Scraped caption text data
▬▬▬
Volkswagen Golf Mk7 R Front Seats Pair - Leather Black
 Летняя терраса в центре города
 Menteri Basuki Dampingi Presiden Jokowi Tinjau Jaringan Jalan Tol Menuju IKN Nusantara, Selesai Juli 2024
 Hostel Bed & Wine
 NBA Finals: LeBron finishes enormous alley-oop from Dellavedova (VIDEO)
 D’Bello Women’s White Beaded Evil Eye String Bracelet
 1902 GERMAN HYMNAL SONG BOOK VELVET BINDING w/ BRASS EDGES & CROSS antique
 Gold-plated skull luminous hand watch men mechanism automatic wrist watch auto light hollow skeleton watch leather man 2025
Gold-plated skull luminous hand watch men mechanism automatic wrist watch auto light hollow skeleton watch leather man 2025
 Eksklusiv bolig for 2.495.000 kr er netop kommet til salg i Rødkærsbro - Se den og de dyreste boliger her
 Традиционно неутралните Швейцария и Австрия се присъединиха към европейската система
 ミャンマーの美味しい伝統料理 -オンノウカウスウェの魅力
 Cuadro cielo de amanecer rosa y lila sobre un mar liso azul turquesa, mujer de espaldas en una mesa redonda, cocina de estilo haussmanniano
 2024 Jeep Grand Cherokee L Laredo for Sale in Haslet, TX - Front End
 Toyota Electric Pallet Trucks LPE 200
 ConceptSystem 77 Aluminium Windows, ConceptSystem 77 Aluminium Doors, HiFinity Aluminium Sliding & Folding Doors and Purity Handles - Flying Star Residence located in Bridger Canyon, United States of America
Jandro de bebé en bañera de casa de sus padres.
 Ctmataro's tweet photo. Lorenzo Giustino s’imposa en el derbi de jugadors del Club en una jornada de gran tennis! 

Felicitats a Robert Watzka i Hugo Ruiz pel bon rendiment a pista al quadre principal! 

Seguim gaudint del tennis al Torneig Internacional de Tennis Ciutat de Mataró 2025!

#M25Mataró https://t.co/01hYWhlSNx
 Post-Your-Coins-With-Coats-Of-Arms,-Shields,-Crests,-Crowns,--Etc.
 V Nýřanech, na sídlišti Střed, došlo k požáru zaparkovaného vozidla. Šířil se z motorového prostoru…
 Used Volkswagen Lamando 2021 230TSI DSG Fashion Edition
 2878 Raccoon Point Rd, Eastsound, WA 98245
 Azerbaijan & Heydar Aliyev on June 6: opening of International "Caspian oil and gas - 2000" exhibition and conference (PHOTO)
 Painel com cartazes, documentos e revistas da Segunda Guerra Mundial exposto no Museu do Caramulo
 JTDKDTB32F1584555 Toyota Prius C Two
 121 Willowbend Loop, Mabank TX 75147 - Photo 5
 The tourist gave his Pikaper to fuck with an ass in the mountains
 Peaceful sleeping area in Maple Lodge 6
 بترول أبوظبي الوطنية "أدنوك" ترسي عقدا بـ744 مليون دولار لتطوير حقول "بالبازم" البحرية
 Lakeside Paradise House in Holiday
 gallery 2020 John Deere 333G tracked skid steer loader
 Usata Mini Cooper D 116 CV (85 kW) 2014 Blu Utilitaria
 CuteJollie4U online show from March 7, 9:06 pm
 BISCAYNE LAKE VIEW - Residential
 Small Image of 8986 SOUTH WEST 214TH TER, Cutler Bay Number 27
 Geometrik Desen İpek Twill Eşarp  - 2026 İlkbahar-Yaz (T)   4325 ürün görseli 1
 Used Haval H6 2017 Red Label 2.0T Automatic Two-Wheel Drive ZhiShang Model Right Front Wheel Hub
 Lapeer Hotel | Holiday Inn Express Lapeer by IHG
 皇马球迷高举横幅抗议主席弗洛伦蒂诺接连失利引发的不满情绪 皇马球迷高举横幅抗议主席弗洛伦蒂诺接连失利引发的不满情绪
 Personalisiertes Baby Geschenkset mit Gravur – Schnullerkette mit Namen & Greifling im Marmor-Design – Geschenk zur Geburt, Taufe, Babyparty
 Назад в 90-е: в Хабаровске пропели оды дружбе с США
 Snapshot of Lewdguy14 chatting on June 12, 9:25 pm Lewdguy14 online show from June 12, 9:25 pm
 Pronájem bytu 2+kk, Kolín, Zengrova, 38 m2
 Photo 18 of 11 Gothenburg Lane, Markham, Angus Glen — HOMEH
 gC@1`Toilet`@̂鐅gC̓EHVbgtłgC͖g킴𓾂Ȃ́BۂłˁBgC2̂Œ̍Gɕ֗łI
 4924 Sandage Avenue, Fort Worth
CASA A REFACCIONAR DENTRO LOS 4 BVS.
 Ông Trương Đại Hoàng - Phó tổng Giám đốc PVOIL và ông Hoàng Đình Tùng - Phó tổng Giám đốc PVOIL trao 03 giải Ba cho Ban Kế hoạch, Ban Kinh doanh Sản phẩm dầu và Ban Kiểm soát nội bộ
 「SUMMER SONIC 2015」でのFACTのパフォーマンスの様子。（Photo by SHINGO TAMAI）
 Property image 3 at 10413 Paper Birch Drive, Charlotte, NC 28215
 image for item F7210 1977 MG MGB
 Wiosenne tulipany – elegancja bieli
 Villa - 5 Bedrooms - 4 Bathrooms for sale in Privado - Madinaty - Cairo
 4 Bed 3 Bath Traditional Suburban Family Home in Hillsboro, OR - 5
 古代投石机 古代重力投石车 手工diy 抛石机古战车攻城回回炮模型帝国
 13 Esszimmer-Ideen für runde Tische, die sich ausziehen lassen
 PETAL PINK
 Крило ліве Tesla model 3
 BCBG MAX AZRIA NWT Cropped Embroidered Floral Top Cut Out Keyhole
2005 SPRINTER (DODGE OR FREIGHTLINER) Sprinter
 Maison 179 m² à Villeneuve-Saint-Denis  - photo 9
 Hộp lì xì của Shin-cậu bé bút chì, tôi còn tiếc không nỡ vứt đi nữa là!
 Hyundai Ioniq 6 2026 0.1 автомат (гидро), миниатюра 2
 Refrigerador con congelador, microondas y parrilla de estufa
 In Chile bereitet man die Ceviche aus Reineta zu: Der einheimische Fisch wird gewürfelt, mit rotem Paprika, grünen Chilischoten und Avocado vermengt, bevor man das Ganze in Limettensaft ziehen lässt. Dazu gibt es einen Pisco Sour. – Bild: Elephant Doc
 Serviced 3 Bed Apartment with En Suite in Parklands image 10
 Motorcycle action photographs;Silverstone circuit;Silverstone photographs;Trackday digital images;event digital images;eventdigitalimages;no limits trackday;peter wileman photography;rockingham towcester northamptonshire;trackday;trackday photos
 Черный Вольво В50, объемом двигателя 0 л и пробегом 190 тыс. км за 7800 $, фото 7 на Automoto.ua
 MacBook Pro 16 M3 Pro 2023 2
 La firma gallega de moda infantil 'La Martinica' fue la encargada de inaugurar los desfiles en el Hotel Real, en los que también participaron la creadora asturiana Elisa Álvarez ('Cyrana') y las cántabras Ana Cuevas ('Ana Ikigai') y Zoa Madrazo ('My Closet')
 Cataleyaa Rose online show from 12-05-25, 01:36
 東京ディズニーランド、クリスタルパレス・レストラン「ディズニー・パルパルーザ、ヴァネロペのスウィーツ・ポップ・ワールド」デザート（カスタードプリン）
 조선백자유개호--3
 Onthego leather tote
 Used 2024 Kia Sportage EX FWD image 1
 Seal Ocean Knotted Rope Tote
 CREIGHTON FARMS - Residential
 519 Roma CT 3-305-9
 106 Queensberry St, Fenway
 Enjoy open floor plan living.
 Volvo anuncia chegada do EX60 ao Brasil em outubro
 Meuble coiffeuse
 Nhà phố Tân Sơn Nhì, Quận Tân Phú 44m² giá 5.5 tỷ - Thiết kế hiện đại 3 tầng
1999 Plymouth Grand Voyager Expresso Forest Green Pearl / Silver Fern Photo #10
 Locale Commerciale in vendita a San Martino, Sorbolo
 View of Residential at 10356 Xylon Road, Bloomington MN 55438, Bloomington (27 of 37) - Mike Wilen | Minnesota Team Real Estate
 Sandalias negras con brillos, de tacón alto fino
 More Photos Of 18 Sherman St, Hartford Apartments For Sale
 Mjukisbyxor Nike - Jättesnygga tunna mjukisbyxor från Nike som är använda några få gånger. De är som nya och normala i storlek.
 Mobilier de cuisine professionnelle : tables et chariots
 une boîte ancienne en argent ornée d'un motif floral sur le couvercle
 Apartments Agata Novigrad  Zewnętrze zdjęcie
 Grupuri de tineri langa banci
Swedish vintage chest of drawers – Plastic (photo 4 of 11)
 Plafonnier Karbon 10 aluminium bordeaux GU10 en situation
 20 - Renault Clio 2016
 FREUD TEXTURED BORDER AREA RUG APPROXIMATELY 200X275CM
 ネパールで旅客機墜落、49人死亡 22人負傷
▬▬▬
- [Problem details]:
Using the data above, print exactly the lines from the line that contains "4 Bed 3 Bath" through the line that contains "Refrigerador con congelador, microondas", with both included.

- [Answer area]:
 4 Bed 3 Bath Traditional Suburban Family Home in Hillsboro, OR - 5
 古代投石机 古代重力投石车 手工diy 抛石机古战车攻城回回炮模型帝国
 13 Esszimmer-Ideen für runde Tische, die sich ausziehen lassen
 PETAL PINK
 Крило ліве Tesla model 3
 BCBG MAX AZRIA NWT Cropped Embroidered Floral Top Cut Out Keyhole
2005 SPRINTER (DODGE OR FREIGHTLINER) Sprinter
 Maison 179 m² à Villeneuve-Saint-Denis  - photo 9
 Hộp lì xì của Shin-cậu bé bút chì, tôi còn tiếc không nỡ vứt đi nữa là!
 Hyundai Ioniq 6 2026 0.1 автомат (гидро), миниатюра 2
 Refrigerador con congelador, microondas y parrilla de estufa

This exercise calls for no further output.